I nodded. “Too civilized. Too highly evolved. Too humane. No more death penalty, not even for enemies of the state. He couldn’t kill me, but he had to neutralize me, and that meant putting me on ice.”
“For twenty-five years?”
“Forever, if the folks in Union City hadn’t taken up the basement floor. But I don’t think it was supposed to go on that long. As soon as SKOAL was eliminated as a political force, he’d have had me thawed and returned to society. But I think something must have happened to him. Maybe he got hit by a bus.
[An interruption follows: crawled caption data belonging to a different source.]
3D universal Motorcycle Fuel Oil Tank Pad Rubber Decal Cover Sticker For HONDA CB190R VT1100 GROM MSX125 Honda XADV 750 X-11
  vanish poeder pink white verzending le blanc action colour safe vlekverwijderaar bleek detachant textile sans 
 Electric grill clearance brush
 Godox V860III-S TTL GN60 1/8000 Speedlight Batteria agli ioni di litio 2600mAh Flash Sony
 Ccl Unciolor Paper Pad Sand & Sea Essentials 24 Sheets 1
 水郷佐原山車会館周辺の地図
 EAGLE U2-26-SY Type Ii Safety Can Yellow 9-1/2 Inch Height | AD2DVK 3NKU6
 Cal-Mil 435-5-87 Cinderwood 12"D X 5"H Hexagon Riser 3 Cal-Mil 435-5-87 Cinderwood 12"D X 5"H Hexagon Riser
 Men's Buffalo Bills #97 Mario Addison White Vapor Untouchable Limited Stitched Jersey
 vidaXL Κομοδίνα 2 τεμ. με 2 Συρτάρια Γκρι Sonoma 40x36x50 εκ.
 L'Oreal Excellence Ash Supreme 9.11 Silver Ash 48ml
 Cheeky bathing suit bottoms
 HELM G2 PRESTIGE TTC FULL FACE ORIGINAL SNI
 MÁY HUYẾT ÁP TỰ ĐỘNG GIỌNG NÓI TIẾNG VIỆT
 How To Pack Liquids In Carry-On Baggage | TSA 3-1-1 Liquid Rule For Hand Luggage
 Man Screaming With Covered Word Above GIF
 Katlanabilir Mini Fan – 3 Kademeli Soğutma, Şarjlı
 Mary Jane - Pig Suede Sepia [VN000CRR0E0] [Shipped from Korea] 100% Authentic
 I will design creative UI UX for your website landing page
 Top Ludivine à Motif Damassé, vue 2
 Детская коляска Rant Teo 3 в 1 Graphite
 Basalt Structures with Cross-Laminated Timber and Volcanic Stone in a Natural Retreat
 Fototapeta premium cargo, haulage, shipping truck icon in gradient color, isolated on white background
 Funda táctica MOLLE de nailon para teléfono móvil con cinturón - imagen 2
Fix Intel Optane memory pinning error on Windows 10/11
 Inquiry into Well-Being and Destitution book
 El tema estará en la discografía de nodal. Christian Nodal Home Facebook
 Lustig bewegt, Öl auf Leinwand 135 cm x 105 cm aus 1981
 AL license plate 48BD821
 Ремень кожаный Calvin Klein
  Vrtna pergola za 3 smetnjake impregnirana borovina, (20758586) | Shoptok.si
Or maybe some players on the other side decided that he was dangerous, and he’s tucked away in a meat locker somewhere, hovering at zero degrees. That would be poetic justice, wouldn’t it?”
“And the people who owned the house?”
“Engstrom’s friends?” I tapped the letter. “He mentions them. They didn’t even know about his little excavation project beneath the furnace room, let alone that they were harboring a low-temperature guest. So if anything happened to Engstrom, I would just stay there until hell froze over.” I frowned. “That’s the wrong metaphor, but you get the idea.”
“What I don’t get,” Laura Westerley said, “is why he was afraid of you. Something about Swedes and Danes?”
I gave her a very brief rundown of the aims of SKOAL and the grievances of the southern Swedes, and she seemed understandably incredulous. “It was never a movement with a whole lot of political credibility,” I said, “but neither was Slovenian separatism, for God’s sake, and they’ve got their own country now. My God, it just occurred to me. There wasn’t anything in the paper, not that I noticed, but it could have happened anytime in the past twenty-five years. But did it?”
“What?”
“Was there an armed revolt in Sweden? Did the Danish Swedes break away?”
“It’s been pretty peaceful there,” Fischbinder said.
“Well, maybe it’ll stay that way,” I said forcefully, “and maybe it won’t. We’ll have to see. Where are my clothes?”
“Your clothes?”
“My clothes. My striped shirt and khaki pants and whatever else I was wearing. I’m going home.”